• Records supplied:

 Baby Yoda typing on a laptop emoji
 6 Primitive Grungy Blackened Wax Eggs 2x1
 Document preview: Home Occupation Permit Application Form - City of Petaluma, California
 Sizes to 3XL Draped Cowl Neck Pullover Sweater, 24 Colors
...
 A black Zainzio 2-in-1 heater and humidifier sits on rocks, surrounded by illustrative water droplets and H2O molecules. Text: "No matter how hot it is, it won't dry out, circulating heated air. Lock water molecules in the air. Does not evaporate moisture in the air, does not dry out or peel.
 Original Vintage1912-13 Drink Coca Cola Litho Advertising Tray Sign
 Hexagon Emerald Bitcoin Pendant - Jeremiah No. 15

• Problem statement: Transcribe the records above exactly, beginning at the line that contains "Original Vintage1912-13 Drink" and ending with the line that contains "Hexagon Emerald Bitcoin", both included, and nothing else.

• Your response:
 Original Vintage1912-13 Drink Coca Cola Litho Advertising Tray Sign
 Hexagon Emerald Bitcoin Pendant - Jeremiah No. 15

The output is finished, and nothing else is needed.